PDA

Zobacz pełną wersję : Ścieżkami przeszłości i nie tylko.



slawek71
21-12-2015, 10:11
No i znowu coś mnie wyciągneło z domu w niedzielny ranek i kazało udać się w jedynie słusznym południowym kierunku czyli krótka relacja z listopadowej wycieczki w okolice Baligrodu. Spacer rozpoczynam w Cisowcu skąd powolutku drogą na grzbiet , mimo pochmurnego poranka niezłe widoki. Na polanie Choceń wdrapuje się na ambonę coby spokojnie zjeść śniadanie a to dlatego że nieopodal pasą się owieczki których pilnują między innymi pieski , dwa wielkości cielaka i jeden kundelek.Następnie schodzę w dolinę nieistniejącej wioski Choceń , teren oznaczony tablicami informacyjnymi i w miarę zadbany w czym zasługa chyba nadleśnictwa Baligród. Na cerkwisku nowy krzyż ale niestety nie obsadzony , nie znalazłem krzyża z kopuły cerkwi i kamiennej płyty z napisem , jeszcze się trochę kręcę po dolinie i wracam na grzbiet nad Cisowcem. Jako że godzina jeszcze młoda postanawiam odszukać kapliczkę w bukowym pniu co ku mojemu zadowoleniu poszło całkiem sprawnie. To jeszcze nie koniec spacerów tamtej niedzieli , po powrocie do Cisowca nastąpiła skromna jednoosobowa dyslokacja w inne bieszczadzkie doliny , cdn.

don Enrico
21-12-2015, 20:24
No i znowu coś mnie wyciągneło z domu w niedzielny ranek i kazało udać się w jedynie słusznym południowym kierunku czyli krótka relacja z listopadowej wycieczki w okolice Baligrodu.(..).
To już kolejna relacja w ostatnich czasach, która zahacza o Balów-gród.
Czyżby nowy kierunek poszukiwaczy górek na które nie prowadzą schody ?

slawek71
22-12-2015, 21:17
To już kolejna relacja w ostatnich czasach, która zahacza o Balów-gród.
Czyżby nowy kierunek poszukiwaczy górek na które nie prowadzą schody ?
Sam nie wiem czemu ale lubię te rejony , schodów raczej chyba nie ma a i wybitnie widokowych górek też , połonin też nie ma ale są bardzo ładne doliny , urokliwe jeziorka , orzeźwiająca żabianka i jeszcze wiele ciekawostek , są też i spore zmiany w tzw. infrastrukturze turystycznej , mam tu na myśli Korbanie czy dolinę Rabego .

slawek71
22-12-2015, 22:56
To jeszcze nie koniec spacerów tamtej niedzieli , po powrocie do Cisowca nastąpiła skromna jednoosobowa dyslokacja w inne bieszczadzkie doliny , cdn.
Pierwszą z nich była dolina Tarnawki i miejscowość Sukowate , oczywiście głównym celem było miejsce po cerkwi i muszę się przyznać że nie było tak prosto.
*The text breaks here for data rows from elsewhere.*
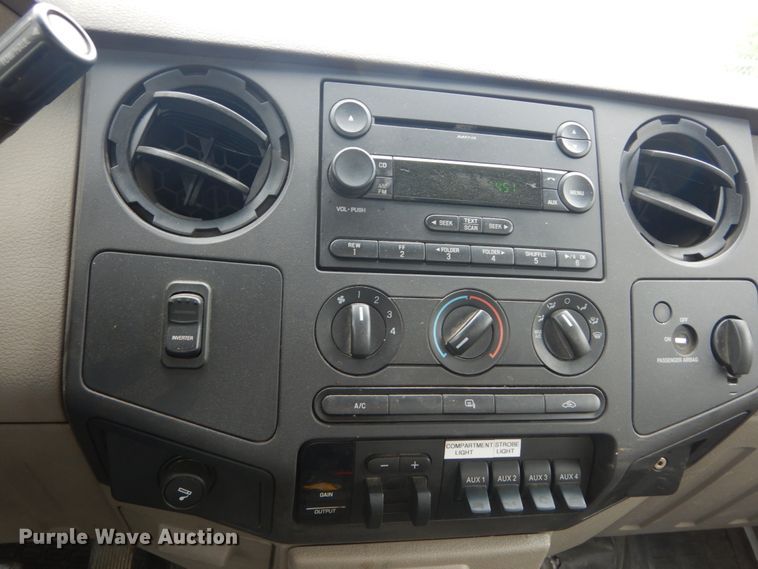 image for item IT9063 2008 Ford F550 XL  dump truck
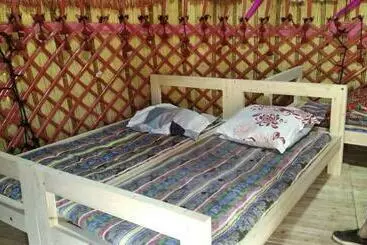 هاستل Sayakat Camp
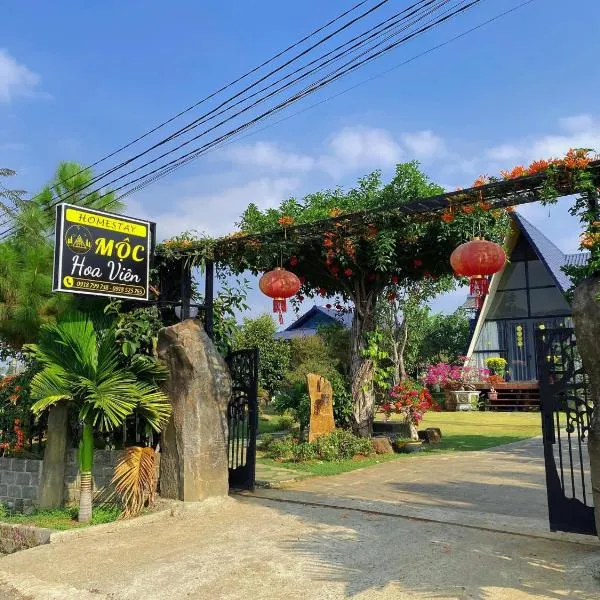 Homestay Mộc Hoa Viên, hotel v destinaci Bao Loc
Najpierw trzeba było przeprawić się przez "rwący" nurt potoku a później dosyć bacznie się rozglądać bo jak się okazało niewiele z cerkwi i cmentarza zostało , raptem mało widoczny zarys podmurówki i jeden cokół nagrobka a całość nieźle zachaszczona. Skoro byłem już po tej stronie potoku wypadało jeszcze poszukać Kapliczki na Rozdilu na zboczu Berda. Śmiałym krokiem przemierzałem łąkę nad cerkwiskiem i zbliżając się do granicy lasu zamarłem na szczęście nie na wieki ale w bezruchu gdyż z głębi lasu usłyszałem jakieś dosyć głośne "trzaski", podszedłem bliżej i kogo zobaczyłem , oczywiście zwierza, był wielki brązowo-rudy i włochaty ale nie nie to nie był misio , było ich cztery sztuki , miały rogi i kopyta i nie był to niestety czteropak ale najprawdziwsze żuberki. Zanim odpaliłem aparat to one przesadziły dosyć głęboki jar w którym ja bym się gramolił pół godziny i zniknęły między drzewami . Poczłapałem dalej zboczem do góry i po kilkunastu minutach dojrzałem pośród drzew coś białego, jak się okazało była to właśnie owa kapliczka obok której cyrkało nieśpiesznie źródełko , miejsce bardzo urocze i dobre do odpoczynku , sądząc po zostawionych gdzieniegdzie plackach żubry też tu lubią odpoczywać. Powrót tą samą trasą do drogi w Sukowatem i kolejna dolina czyli potok Kamionka i miejscowość Kamionki. Najpierw po płytach , po drodze jakieś domki , pasieki i po prawej stronie ogrodzony cokół czy obelisk w miejscu w którym wilki pożarły gajowego , następnie szutrówką w głąb doliny gdzie po prawej stronie trudne do lokalizacji miejsce po cerkwi i cmentarzu , trudne bo poza wieńcem drzew praktycznie nic nie zostało. Powrót grzbietem nad doliną z pięknymi widokami na przełęcz i Suliłę , aż korciło coby zejść na drugą stronę ale pora wracać bo za chwilę będzie się ściemniać , następnym razem.

LABOREC
22-12-2015, 23:18
czesc dobry vecer...czitam co se mi podari i widze tam pisane przelecz sulila...turzansk ja juz byl duzo raz..kalnica baligrod..czi rabe zebrak tez...ale neudalo mi se znajsc drogu prelencz sulila do kalnici lub kamionki..nema ? neda sie? droga konczi w lese..
tutaj mam sulilu fotky..sanatron negadyn ipsofon..
http://pokec.azet.sk/cisna/fotoalbumy
jak tak nemoze "skakac" do tematu staci napisac ..ja juz nebedzie .

slawek71
23-12-2015, 10:32
czesc dobry vecer...czitam co se mi podari i widze tam pisane przelecz sulila...turzansk ja juz byl duzo raz..kalnica baligrod..czi rabe zebrak tez...ale neudalo mi se znajsc drogu prelencz sulila do kalnici lub kamionki..nema ? neda sie? droga konczi w lese...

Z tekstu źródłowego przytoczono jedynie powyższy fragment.